Elle juge qu’une « définition étroite de la notion de “circonstances imputables au commettant” […] ne serait pas conforme auxdits objectifs ». S’en tenir à la cause juridique immédiate de la rupture, comme le non-paiement des primes par le client, sans en rechercher la cause profonde, permettrait au commettant de se prévaloir d’une situation qu’il a lui-même provoquée. La Cour refuse ainsi que le commettant puisse, par son comportement fautif ou déloyal, entraîner l’inexécution du contrat par le tiers et ensuite exiger de l’agent le remboursement d’une commission. La protection de l’agent serait illusoire si le commettant pouvait ainsi échapper à ses obligations en invoquant une défaillance du tiers qu’il a lui-même orchestrée.
B. L’instauration d’une obligation d’examen factuel global à la charge du juge national
En définissant largement la notion de circonstances imputables, la Cour confère un rôle central au juge national. Celui-ci ne peut plus se contenter de constater la cause juridique de l’extinction du contrat conclu avec le tiers. Il doit au contraire rechercher les raisons sous-jacentes de cette inexécution afin de déterminer si la responsabilité en incombe, en réalité, au commettant.
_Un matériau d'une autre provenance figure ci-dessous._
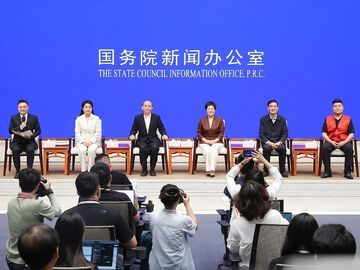成都“小牛哥”亮相中外记者见面会：这些年，骑手们赢得了尊重、拥有了保障、收获了温暖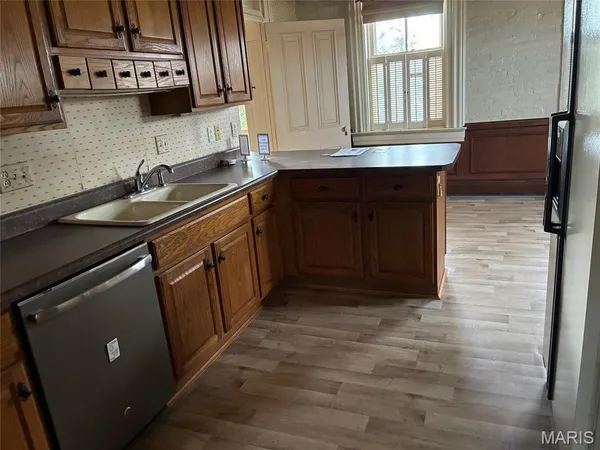 $399,000 | 305 North Hanover Street, Okawville, IL 62271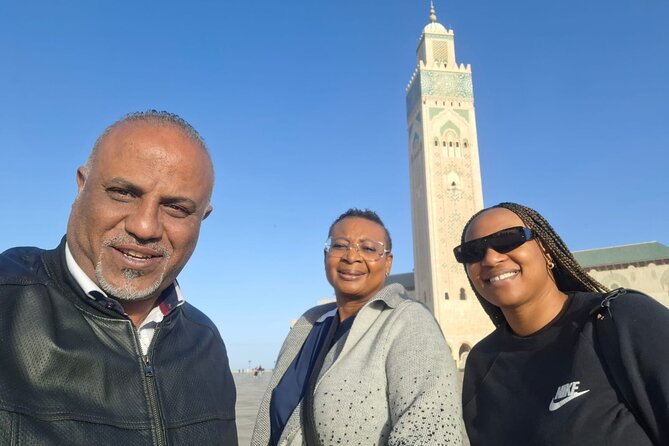 Casablanca Tower From Hassan Mosque2 to Royal Palace - Old Medina: narrow streets and everyday Casablanca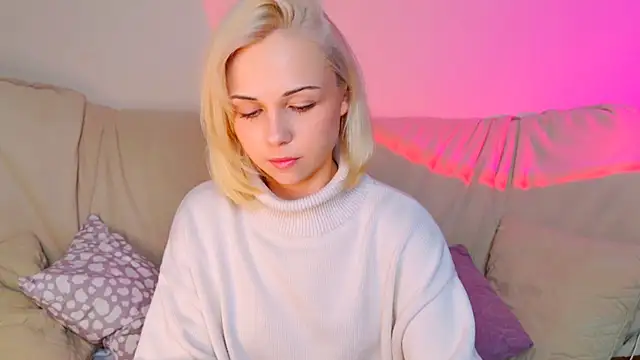 ElenaMonroe webcam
La Cour précise ainsi qu’il appartient à la juridiction de renvoi « de prendre en considération l’ensemble des faits de l’espèce, au-delà du seul manquement des assurés à leur obligation de payer les cotisations ». La notion de « circonstances imputables au commettant » doit donc s’entendre comme visant « toutes les circonstances de droit et de fait imputables au commettant, qui sont à l’origine de l’inexécution de ce contrat ». Cette solution renforce considérablement la position de l’agent commercial, en lui permettant de prouver, par tout moyen, que la défaillance du client trouve sa source dans le comportement de son propre mandant. Elle concrétise l’obligation de loyauté et de bonne foi que l’article 4 de la directive impose au commettant dans ses rapports avec l’agent.